Ein Song für die Community
Für viele lesbische Personen dürfte Ebows Track also einen wichtigen Beitrag geleistet haben, die Bezeichnung auf eine neue, positive Weise zurückzuerobern. „Inzwischen ist ‚lesbisch‘ für mich ein schöner Begriff. Deswegen war es mir wichtig, den Song zu machen“, erzählt sie und zündet sich vor dem Café eine Zigarette an. „Mein Produzent fragte: ‚Willst du es nicht etwas allgemeiner machen, damit sich mehr Leute angesprochen fühlen?‘ Ich meinte: Nein, ich will, dass es endlich mal ein Song für genau diese Community ist.“
Der Community fehlte es lange Zeit nicht nur an popkultureller Repräsentation, sondern auch an Räumen. „Ich bin in München aufgewachsen, wo es nur alle paar Monate mal eine lesbische Party gab,“ erinnert sich Ebow. Auch in Berlin waren lesbische Orte oder überhaupt queere Räume, die nicht hauptsächlich ein schwules Publikum ansprechen, lange rar gesät. Doch in den letzten Jahren hat sich viel getan: „Es ist schön, dass wir mittlerweile einige Lesbenräume in Berlin haben. Ich hoffe, dass das so bleibt.“
Ihre Lieblingsbar? „Momentan mag ich die Partyreihe ‚Les Biens‘ sehr, weil viel Hip-Hop und R&B gespielt wird. Aber ich finde es toll, dass die Orte so unterschiedlich sind. Das Stück zum Beispiel ist super, um einen guten Drink zu genießen und Leute zu treffen. Die Oya Bar, die vor allem für die BIPoC-Community ein Safe Space ist. Und Möbel Olfe macht einfach Spaß.“
Deutsche Musikbranche: Noch immer nicht queer genug?

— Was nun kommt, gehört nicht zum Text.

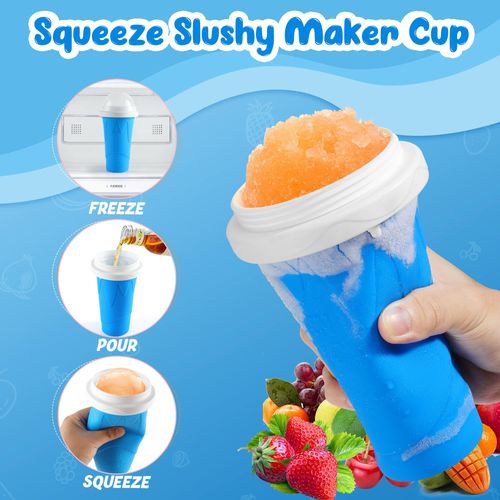 Slushie Maker Cup, DIY Magic Squeeze Slushy Cups, Portable Frozen Smoothies Cups for Juice Milkshake Yogurt Ice Cream Make, Reusable Cooling Cup for Family Friends(Blue)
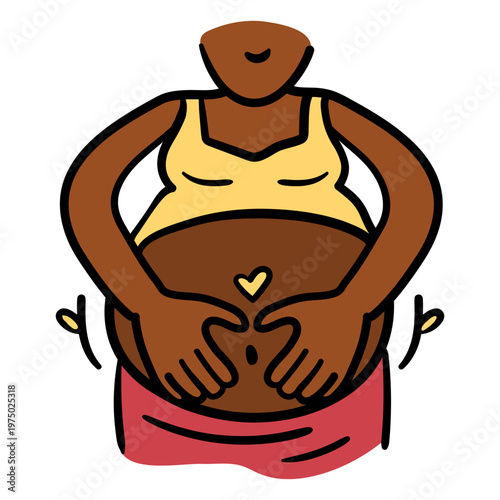 Pregnant woman with hands on belly and a heart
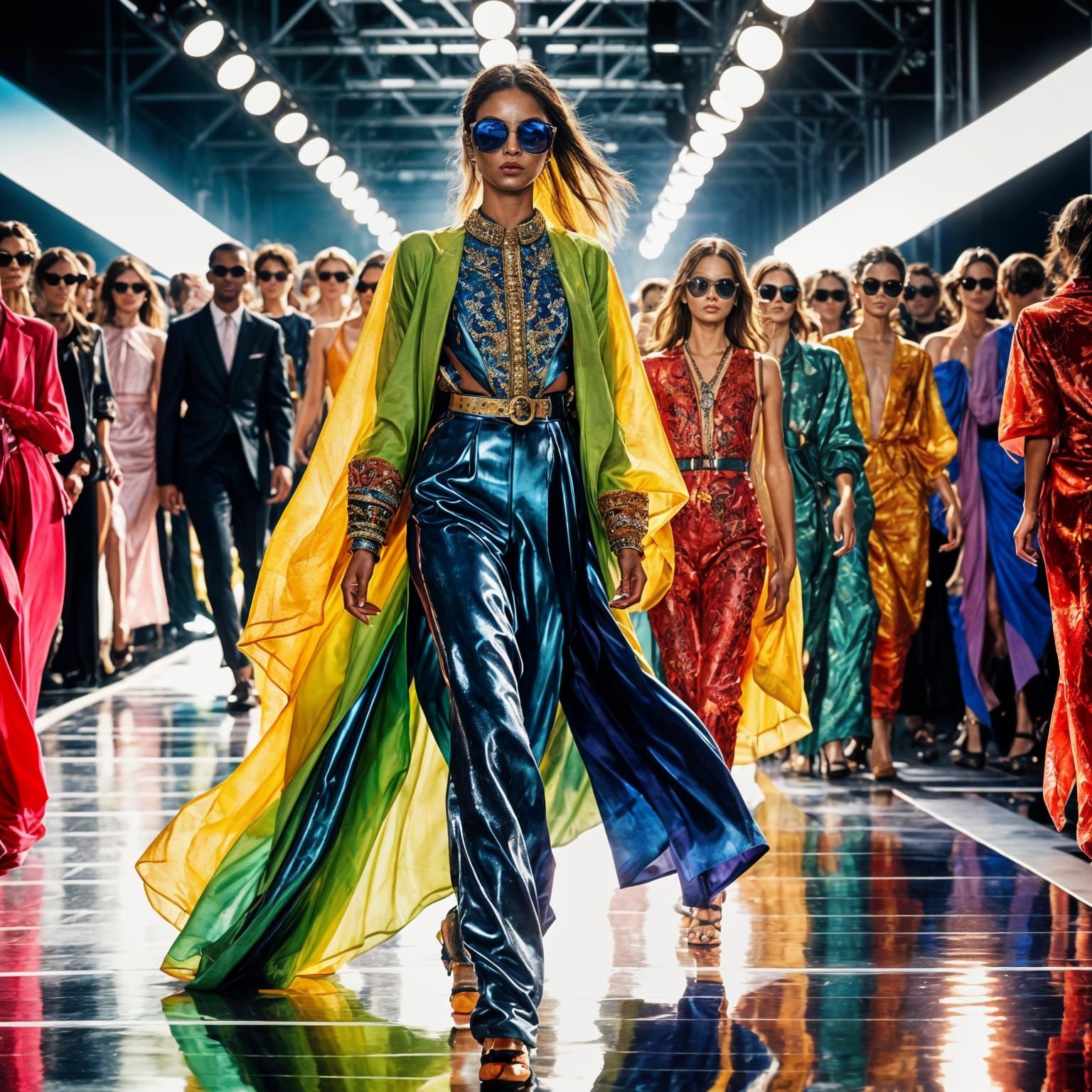 Supermodel Struts Runway in Vibrant Fashion Photo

Mehr lesbische Bars, mehr lesbische Stars: Tatsächlich könnte das Jahr 2024 als Wendepunkt in der Popkultur für lesbische und weibliche queere Künstlerinnen in die Geschichtsbücher eingehen. Mit Boygenius, die Anfang des Jahres bei den Grammys abräumten, dem Aufstieg Chappell Roans zum Rekord-Megastar, oder Billie Eilish, die sich offen zu ihrer queeren Identität bekennt, hat sich auf internationaler Bühne eine Reihe von Künstlerinnen etabliert, die Sichtbarkeit und Repräsentation auf ein neues Level bringen. Ihr Einfluss ist unübersehbar: Queere Themen werden so sehr in den Mainstream integriert, dass es schon fast auffällt, wenn Ikonen wie Charli xcx sich nicht als queer labeln.
Hinter den Kulissen ist die Branche nach wie vor sehr männlich geprägt. Um wirklich etwas zu ändern, müssen wir die Strukturen verändern.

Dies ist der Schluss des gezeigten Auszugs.